• Excerpted records:
Start of Block

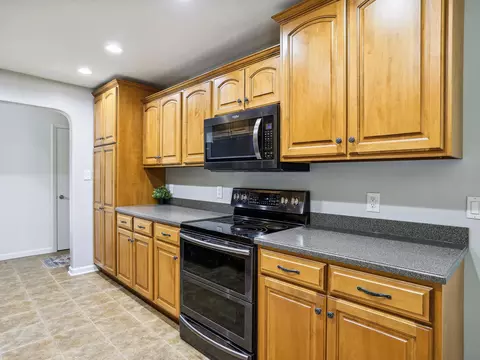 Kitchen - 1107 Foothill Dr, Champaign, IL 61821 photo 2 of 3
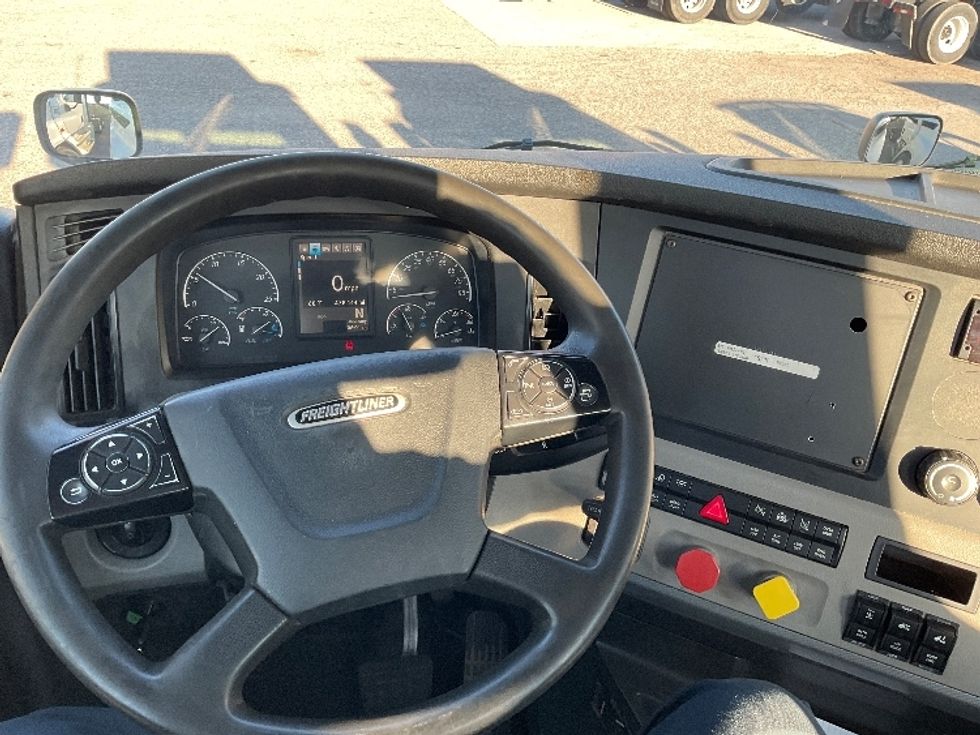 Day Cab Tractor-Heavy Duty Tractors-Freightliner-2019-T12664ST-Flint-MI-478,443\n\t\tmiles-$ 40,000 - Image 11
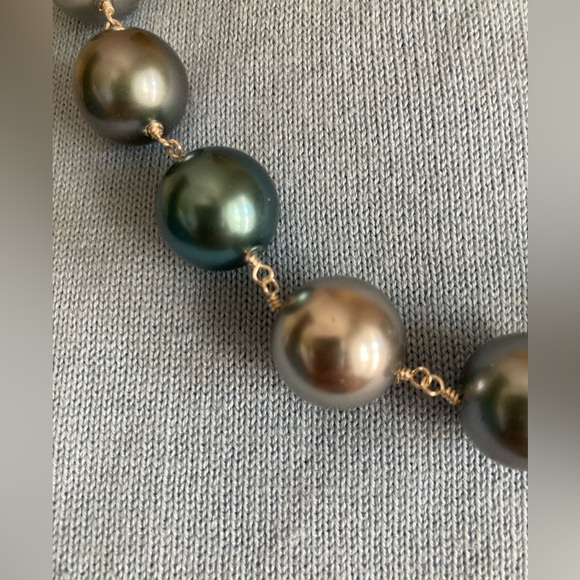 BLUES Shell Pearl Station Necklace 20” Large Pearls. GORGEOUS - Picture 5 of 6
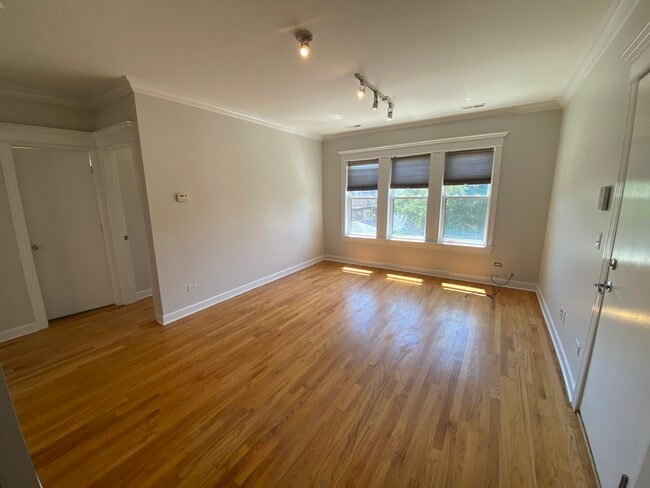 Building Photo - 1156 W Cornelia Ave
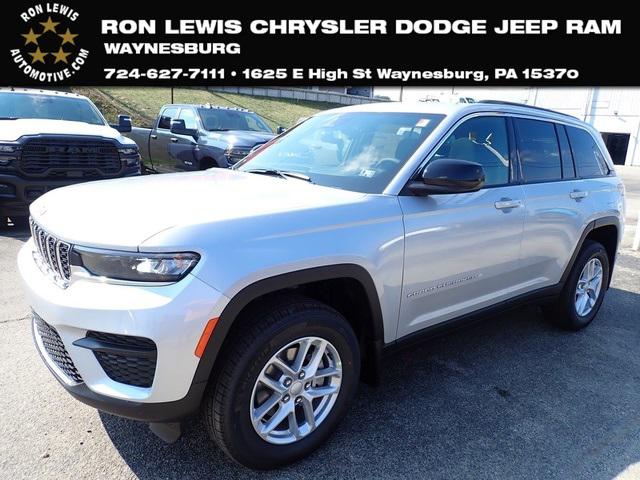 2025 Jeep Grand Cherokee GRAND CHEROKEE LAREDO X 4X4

End of Block
Start of Block

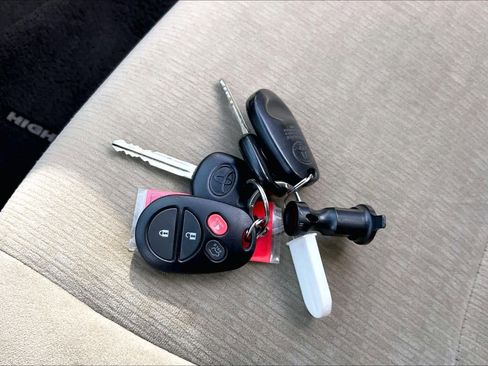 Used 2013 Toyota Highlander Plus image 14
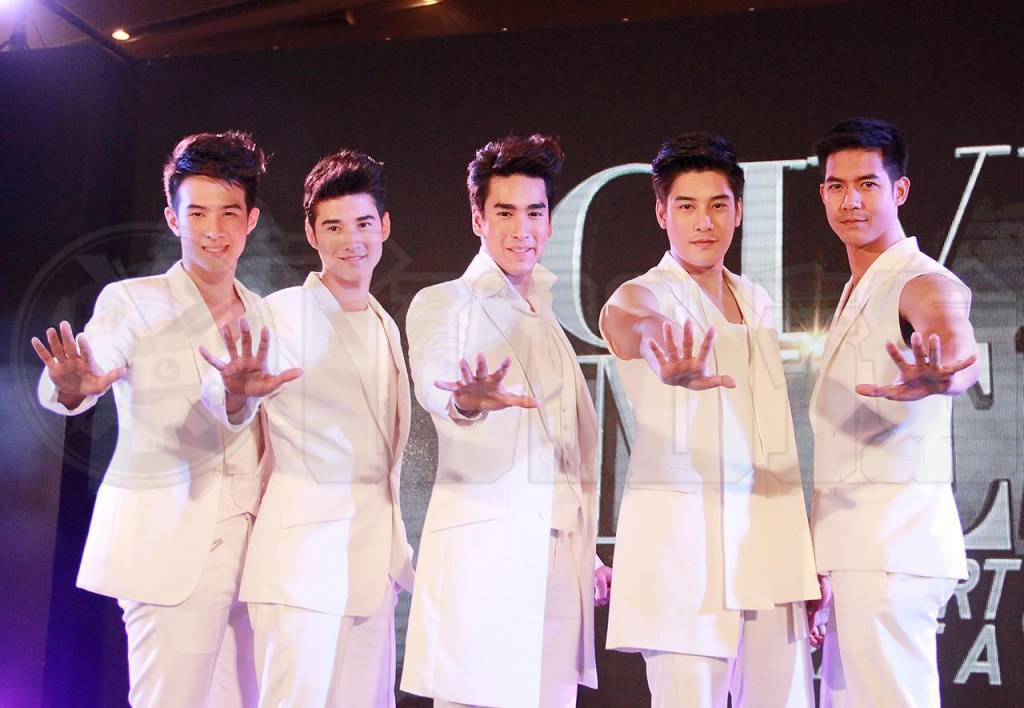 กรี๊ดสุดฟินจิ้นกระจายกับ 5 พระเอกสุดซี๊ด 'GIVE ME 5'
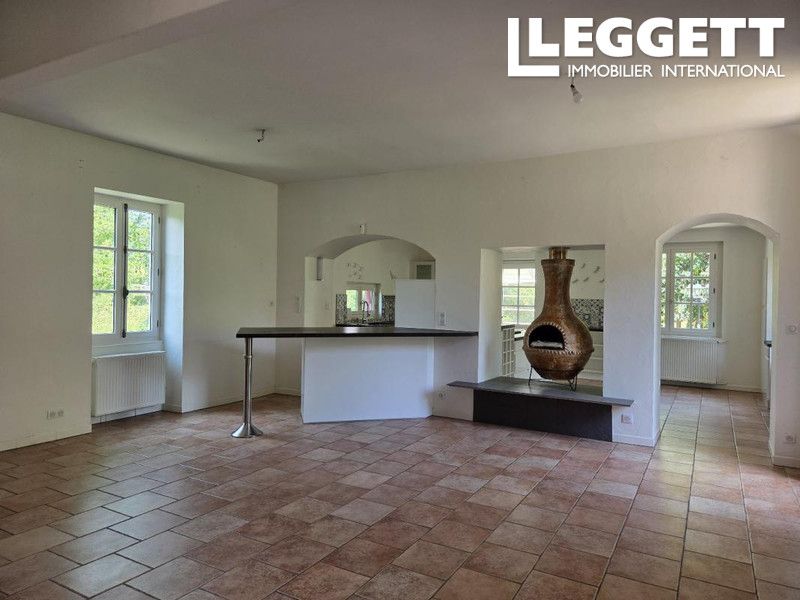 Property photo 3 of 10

End of Block
Start of Block

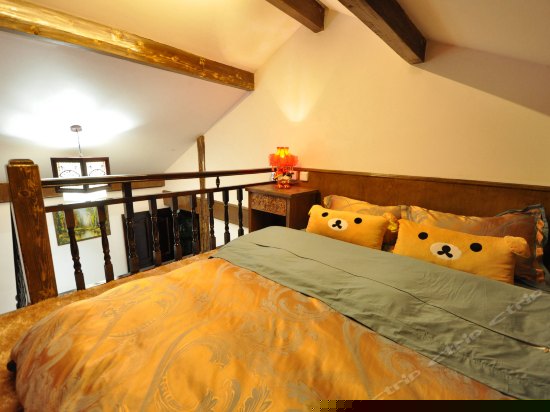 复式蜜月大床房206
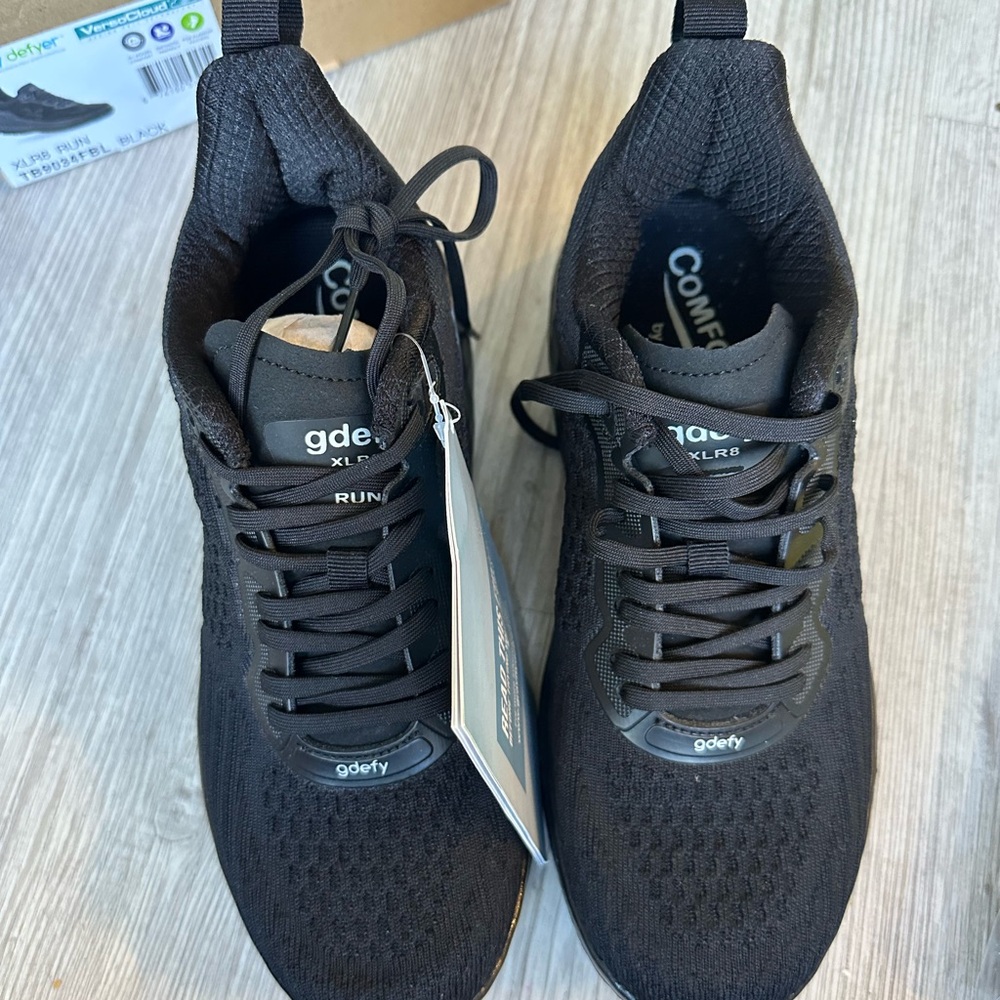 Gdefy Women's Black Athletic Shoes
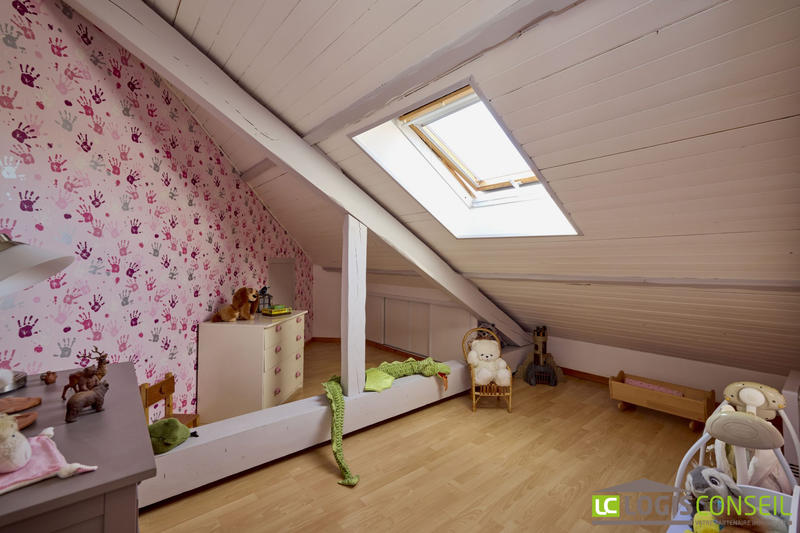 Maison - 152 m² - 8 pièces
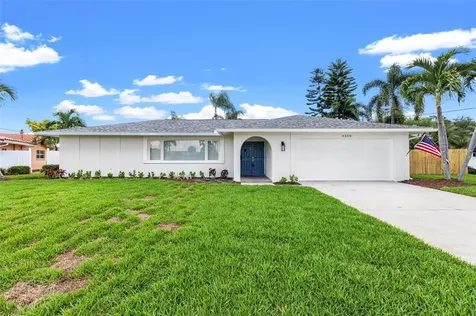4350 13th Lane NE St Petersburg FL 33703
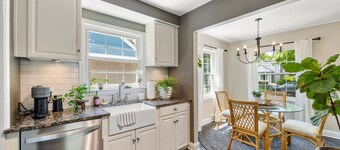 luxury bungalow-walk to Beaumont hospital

End of Block

• Your objective: In the data above, start at the line holding "Kitchen - 1107" and stop after the line holding "2025 Jeep Grand"; write out those lines exactly, without pictures.

• Exercise answer:
 Kitchen - 1107 Foothill Dr, Champaign, IL 61821 photo 2 of 3
 Day Cab Tractor-Heavy Duty Tractors-Freightliner-2019-T12664ST-Flint-MI-478,443\n\t\tmiles-$ 40,000 - Image 11
 BLUES Shell Pearl Station Necklace 20” Large Pearls. GORGEOUS - Picture 5 of 6
 Building Photo - 1156 W Cornelia Ave
 2025 Jeep Grand Cherokee GRAND CHEROKEE LAREDO X 4X4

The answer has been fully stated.